Druggable Host Gene Dependencies in Primary Effusion Lymphoma

Neil Kuehnle 1, Eva Gottwein 1,*
PMCID: PMC10043043  NIHMSID: NIHMS1849863  PMID: 36182745

Abstract

KSHV causes primary effusion lymphoma (PEL). Here we review what is known about human gene essentiality in PEL-derived cell lines. We provide an updated list of PEL-specific human gene dependencies, based on the improved definition of core essential genes across human cancer types. Requirements of PEL cell lines for IRF4, BATF, CCND2, CFLAR, MCL1 and MDM2 have been confirmed experimentally. KSHV co-opts IRF4 and BATF to drive super-enhancer (SE)-mediated expression of IRF4 itself, MYC, and CCND2. IRF4-dependency of SE-mediated gene expression are shared with Epstein-Barr Virus (EBV)-transformed lymphoblastoid cell lines (LCLs) and human T cell leukemia virus type 1 (HTLV-1)-transformed adult T-cell leukemia/lymphoma (ATLL) cell lines, as well as several B cell lymphomas of non-viral etiology.
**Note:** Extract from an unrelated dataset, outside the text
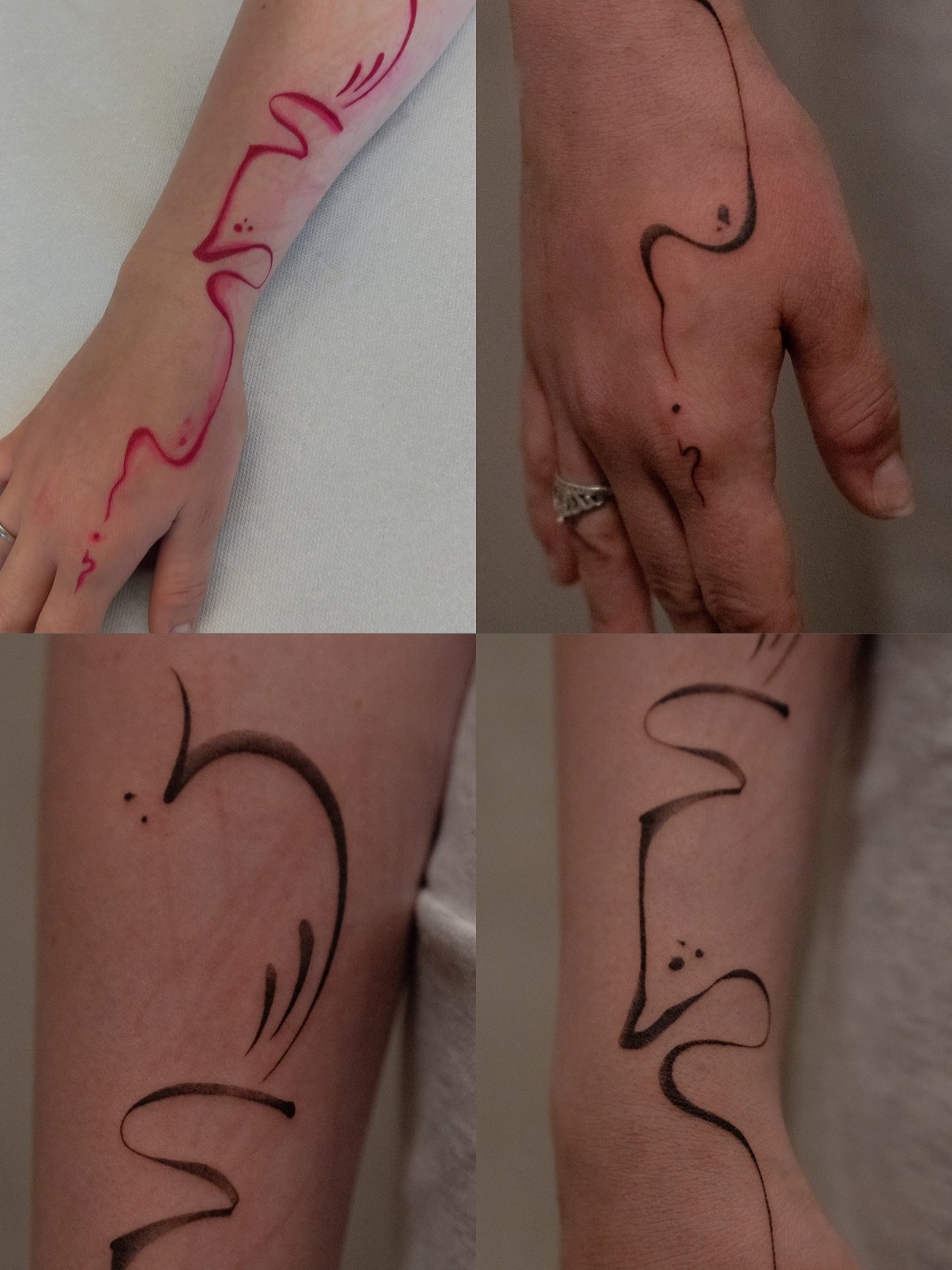 Tatuaje de matching en antebrazo, línea fina Sinkply Madrid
LCLs and ATLL cell lines similarly share dependencies on CCND2 and CFLAR with PEL, but also have distinct gene dependencies. Genetic dependencies could be exploited for therapeutic intervention in PEL and other cancers.

Introduction

Primary effusion lymphoma (PEL) is a rare complication of infection by Kaposi’s Sarcoma-associated herpesvirus (KSHV or human herpesvirus 8), accounting for 3–4% of non-Hodgkin lymphomas (NHLs) in human immunodeficiency virus (HIV)-infected patients and <1% of NHLs in HIV-negative patients [1,2]. Since we can only cite the most pertinent references here, we also refer the reader to recent reviews of PEL and KSHV oncogene expression [3,4]. PEL tumor cells are infected by KSHV and lack expression of typical B cell markers or immunoglobulins (Igs), but their expression of plasma cell markers (IRF4, CD138), mRNA expression profiles, rearranged Ig loci and marks of somatic hypermutation indicate a relatively mature post-germinal center B cell origin. The rarity of PEL suggests that KSHV infection and immunodeficiency alone are insufficient for lymphomagenesis. Accordingly, de novo infection of primary human B cells by KSHV does not readily lead to immortalization. Likely cofactors for the development of PEL are co-infection by Epstein-Barr virus (EBV) and cellular driver mutations. Indeed, EBV co-infection is observed in most PEL tumors and evidence for cooperative B cell transformation by EBV and KSHV has been reported in vitro and in vivo [58]. A comprehensive understanding of cellular mutations in PEL based on genome or exome sequencing, similarly to other lymphomas, has not yet been achieved, due to the rarity of PEL. However, genomic studies support a role for cellular mutations in PEL lymphomagenesis [9,10]. Moreover, mutations in the tumor suppressors p53, PTEN, and RB, among other genes, have been observed in PEL-derived cell lines and/or individual PEL tumors [1113]. PEL is currently treated by chemotherapy, similarly to other non-Hodgkin lymphomas. The reported median overall survival of PEL patients remains below 2 years [14].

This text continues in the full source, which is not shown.